BREAKING Baldridge indicted

By Mount Vernon News
November 8, 2011 10:38 am EST

 

With the coming of war in 1861, the Ohio Republican Party officially disappeared until the war ended, replaced by a coalition with pro-war Democrats that went by the name Union Party.

The Mount Vernon Democratic Banner tried to spin this as the demise of the Republican Party; that it was so bereft of support and ideas that a new party had to emerge. This “new party” that the Banner dismissed so easily emerged in firm control of the state government in the 1861 election.

Today, history texts hardly mention the Union Party outside of noting the fact that Lincoln ran for re-election on the Union Party ticket and that his Republican vice president, Hannibal Hamlin, was replaced by Democratic Sen.

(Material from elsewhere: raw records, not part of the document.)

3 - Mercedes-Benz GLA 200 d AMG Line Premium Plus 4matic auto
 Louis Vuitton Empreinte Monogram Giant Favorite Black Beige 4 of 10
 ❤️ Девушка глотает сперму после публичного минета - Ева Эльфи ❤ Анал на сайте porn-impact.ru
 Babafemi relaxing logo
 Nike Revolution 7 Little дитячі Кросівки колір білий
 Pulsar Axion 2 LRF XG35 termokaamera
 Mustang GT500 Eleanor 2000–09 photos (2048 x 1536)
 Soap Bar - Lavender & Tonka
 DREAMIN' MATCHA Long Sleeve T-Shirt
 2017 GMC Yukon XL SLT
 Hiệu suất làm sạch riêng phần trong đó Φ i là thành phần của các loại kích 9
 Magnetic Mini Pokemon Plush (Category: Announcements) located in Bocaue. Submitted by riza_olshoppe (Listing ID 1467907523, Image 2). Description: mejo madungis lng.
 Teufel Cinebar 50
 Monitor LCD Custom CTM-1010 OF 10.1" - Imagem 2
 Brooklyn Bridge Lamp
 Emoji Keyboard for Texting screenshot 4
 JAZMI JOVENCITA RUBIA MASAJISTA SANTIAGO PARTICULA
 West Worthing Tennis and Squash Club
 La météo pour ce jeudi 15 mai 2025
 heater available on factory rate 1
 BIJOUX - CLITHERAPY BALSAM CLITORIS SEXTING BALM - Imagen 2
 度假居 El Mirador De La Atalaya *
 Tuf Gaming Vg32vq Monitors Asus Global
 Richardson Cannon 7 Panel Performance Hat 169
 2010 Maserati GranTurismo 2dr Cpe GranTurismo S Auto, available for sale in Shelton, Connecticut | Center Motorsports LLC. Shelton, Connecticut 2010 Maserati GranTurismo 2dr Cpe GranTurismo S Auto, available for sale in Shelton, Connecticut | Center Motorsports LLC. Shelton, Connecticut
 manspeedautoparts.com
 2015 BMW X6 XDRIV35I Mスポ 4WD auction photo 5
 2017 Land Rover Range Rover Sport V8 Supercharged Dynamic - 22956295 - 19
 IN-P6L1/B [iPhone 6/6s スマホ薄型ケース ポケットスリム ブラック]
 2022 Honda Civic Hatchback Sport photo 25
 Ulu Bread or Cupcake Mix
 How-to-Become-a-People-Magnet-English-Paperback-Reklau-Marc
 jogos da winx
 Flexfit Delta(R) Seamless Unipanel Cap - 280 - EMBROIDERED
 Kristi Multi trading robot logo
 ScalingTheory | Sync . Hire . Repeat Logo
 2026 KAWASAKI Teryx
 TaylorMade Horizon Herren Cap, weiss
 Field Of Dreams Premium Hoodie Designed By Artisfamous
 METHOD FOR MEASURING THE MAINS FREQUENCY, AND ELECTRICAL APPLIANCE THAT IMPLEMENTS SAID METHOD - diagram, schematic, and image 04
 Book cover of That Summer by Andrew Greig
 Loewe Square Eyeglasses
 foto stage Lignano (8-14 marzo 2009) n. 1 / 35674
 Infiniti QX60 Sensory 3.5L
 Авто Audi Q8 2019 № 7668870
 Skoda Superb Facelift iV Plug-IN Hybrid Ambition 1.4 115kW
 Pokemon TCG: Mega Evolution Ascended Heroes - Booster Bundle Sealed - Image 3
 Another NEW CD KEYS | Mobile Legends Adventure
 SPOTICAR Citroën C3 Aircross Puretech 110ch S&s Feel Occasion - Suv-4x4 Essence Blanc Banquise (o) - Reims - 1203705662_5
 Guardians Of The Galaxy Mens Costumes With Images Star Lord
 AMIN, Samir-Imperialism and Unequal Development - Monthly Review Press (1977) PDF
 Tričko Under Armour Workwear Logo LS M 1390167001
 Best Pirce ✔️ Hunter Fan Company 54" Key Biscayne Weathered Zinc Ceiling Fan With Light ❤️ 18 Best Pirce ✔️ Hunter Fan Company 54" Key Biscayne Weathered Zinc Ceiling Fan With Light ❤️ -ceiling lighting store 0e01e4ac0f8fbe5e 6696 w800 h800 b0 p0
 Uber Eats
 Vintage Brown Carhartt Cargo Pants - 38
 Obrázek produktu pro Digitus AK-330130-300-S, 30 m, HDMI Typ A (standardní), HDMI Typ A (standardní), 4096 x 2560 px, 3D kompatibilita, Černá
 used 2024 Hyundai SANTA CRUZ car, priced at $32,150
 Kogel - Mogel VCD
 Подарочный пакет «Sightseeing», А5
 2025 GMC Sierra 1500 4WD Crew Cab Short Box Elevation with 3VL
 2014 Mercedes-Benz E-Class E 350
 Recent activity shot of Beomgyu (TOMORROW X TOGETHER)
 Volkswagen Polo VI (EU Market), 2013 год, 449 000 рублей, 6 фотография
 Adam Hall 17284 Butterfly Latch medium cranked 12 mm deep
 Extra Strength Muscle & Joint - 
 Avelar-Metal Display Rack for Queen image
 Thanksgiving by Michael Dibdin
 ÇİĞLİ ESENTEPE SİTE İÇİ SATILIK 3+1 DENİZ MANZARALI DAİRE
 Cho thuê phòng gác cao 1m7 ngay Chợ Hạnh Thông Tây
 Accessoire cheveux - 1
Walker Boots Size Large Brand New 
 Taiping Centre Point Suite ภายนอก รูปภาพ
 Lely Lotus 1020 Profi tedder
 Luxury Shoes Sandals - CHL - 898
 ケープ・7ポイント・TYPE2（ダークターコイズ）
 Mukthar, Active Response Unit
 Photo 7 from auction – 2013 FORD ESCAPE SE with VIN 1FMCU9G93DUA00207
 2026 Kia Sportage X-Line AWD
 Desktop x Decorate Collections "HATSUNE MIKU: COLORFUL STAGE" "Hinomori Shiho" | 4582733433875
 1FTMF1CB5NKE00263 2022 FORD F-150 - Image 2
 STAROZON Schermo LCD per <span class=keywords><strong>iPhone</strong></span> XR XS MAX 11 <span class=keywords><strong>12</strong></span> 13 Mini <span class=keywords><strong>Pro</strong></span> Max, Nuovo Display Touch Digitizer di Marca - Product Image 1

Andrew Johnson.

In Ohio in 1861, the Union Party nomination and the election victory went to David Tod, a life-long radical Democrat. In the General Assembly, the Union Party won a 26-8 majority in the Senate and 74-23 in the House. In the previous Assembly, the Republicans held a 22-10 majority in the Senate and 61-44 majority in the House.

Born in 1805, Tod was elected to the Ohio Senate in 1838 from Warren County, a Whig stronghold in the Western Reserve. While in the Senate he helped pass a law to make it easier for escaped slaves to be returned to their masters in Kentucky. He was also instrumental in defeating anti-slavery Democrat Thomas Morris to the U.S. Senate, electing Benjamin Tappan instead.

President James K. Polk appointed Tod ambassador to Brazil from 1847 to 1851, and he lost a race for Congress in 1858.

In 1860, he was a delegate to the Democratic National Convention and when the northern wing of the party reconvened at Baltimore, he became chairman of the convention.

He stumped for Douglas in the General election, then, when war broke out, he came out in strong support of the president and prosecuting the war.

That was clearly the message of the Union Party: Whatever our differences, the important thing is to unite behind Lincoln and defeat the rebellion.

Tod defeated “regular” Democrat Hugh Judge Jewett of Zanesville by 50,000 votes. The vote in Knox County was 2,831 for Tod, 2,061 for Jewett.